If we modify the gradient descent update for a convex objective function $f(\boldsymbol{\theta})$ from $\boldsymbol{\theta}_{t+1} = \boldsymbol{\theta}_t - \nabla f(\boldsymbol{\theta}_t)$ to $\boldsymbol{\theta}_{t+1} = \boldsymbol{\theta}_t - g(\nabla f(\boldsymbol{\theta}_t))$, namely we transform the gradient by a function $g$, how should we choose a $g$ so that the convergence rate is faster than the original gradient descent?

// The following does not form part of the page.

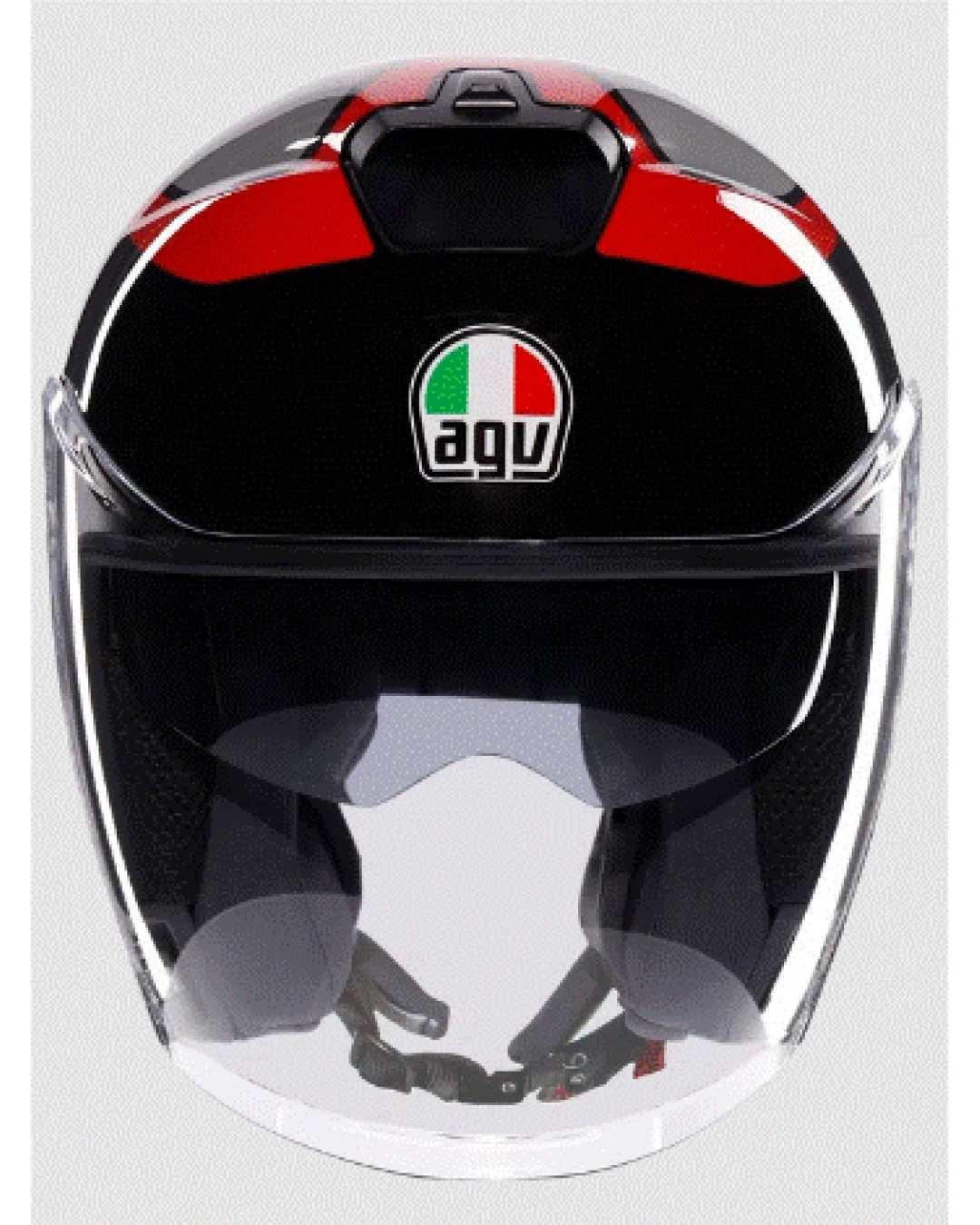 Каска за скутер AGV IRIDES VALENZA MATT GREY/BLACK/RED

More specifically, by running $\boldsymbol{\theta}_{t+1} = \boldsymbol{\theta}_t - g(\nabla f(\boldsymbol{\theta}_t))$ we are indeed optimizing another surrogate function $\tilde{f}$ whose gradient is $g(\nabla f(\boldsymbol{\theta}_t))$, and we need $g(\boldsymbol{0})=\boldsymbol{0}$ so that $f$ and $\tilde{f}$ have the same minimum. We also need $g$ to be a non-decreasing function so that $\tilde{f}$ is still convex. But other than that, how should we choose a proper $g$ so that by optimizing $\tilde{f}$ we reach the optimum faster than optimizing $f$? Shall we choose a $g$ so that $\tilde{f}$ has a smaller Lipschitz constant $L$ and larger strongly-convex constant $\mu$ (since these two quantities determines the convergence rate of gradient descent)?
Thanks!
I believe that preconditioning already gives such function $g$. In this case $g$ is simply multiplication by a matrix. But I don't know of any known acceleration method with non-linear $g$.
I assume that you mean that $g$ does not change as the iterations progress. That is, the function $g$ is the same for all iterates. Otherwise, Newton's method is an example for such a method that substantially accelerates convergence.